“Workout” Broadly Defined
At the origination of a commercial loan secured by real property, the borrower and lender are generally focused on the negotiation of terms and conditions that will maximize their profits from the real property and loan, respectively.
As long as market conditions remain basically consistent with the borrower’s statement of assets and liabilities and the lender’s underwriting, the borrower and lender may have no reason to discuss the loan after the closing.
However, significant unanticipated declines in commercial real property values or credit market conditions may force the borrower and lender to revisit the terms and conditions of the original loan to respond to these unforeseen circumstances and seek to prevent or minimize losses. The legal and financial issues to consider usually go far beyond the potential impact of California’s foreclosure statutes.
In this context, the term “workout” is used to refer broadly to any predefault or postdefault negotiations or consensual actions that are undertaken by the parties to the loan to avoid an imminent default or to resolve a default or other problem between the parties without the borrower instituting bankruptcy proceedings.
Realistically, many loan workouts are negotiated in the context of a potential or impending borrower bankruptcy.
A workout might be consensual, such as an agreement between the lender and the borrower to refinance or modify the existing loan or the lender’s acceptance of a deed in lieu of foreclosure from the borrower, or a workout might be negotiated to resolve imminent or pending litigation between the parties to the loan. For example, the lender may decide to initiate foreclosure; the borrower might institute a court action against the lender; or the lender, the borrower, or both may bring actions against third parties connected with the distressed project or property.
A closely related transaction is a short sale, which a borrower might use to avert foreclosure by selling the property on the open market with the lender’s consent for a price that is less than the amount owing on the loan. Sometimes, the lender will not enter into a loan modification with the borrower but may agree to a short sale.
In advising the lender or the borrower on the workout of a problem loan, you must be familiar with the basic tools of workouts.
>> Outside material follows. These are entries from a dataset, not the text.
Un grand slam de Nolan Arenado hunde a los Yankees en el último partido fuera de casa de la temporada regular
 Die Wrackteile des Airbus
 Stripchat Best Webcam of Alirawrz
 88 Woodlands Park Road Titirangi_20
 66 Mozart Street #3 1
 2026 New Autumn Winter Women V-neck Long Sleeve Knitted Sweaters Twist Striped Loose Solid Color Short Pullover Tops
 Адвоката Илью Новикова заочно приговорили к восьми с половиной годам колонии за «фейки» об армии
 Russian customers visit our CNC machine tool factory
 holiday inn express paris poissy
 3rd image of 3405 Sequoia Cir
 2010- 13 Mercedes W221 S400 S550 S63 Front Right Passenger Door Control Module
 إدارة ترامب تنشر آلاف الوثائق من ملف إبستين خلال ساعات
Generally, these are not only the relevant facts and circumstances, the loan file, and applicable law but are also the evaluations, analyses, and forecasts that the parties and their consultants may use to assess the situation and formulate the means to cope with the financial and other problems of the borrower or the borrower’s project.
TIP: Before beginning the task of formulating a workout strategy, you should first consider some basic questions.
- Is a workout consistent with your business goals?
- Are the problems facing the borrower and its project capable of being solved in this manner?
- Are the possible workout strategies that may be considered viable in light of other known constraints facing the lender or the borrower?
- Are the lender’s or borrower’s goals more realistically achievable through foreclosure, litigation, bankruptcy, or other means?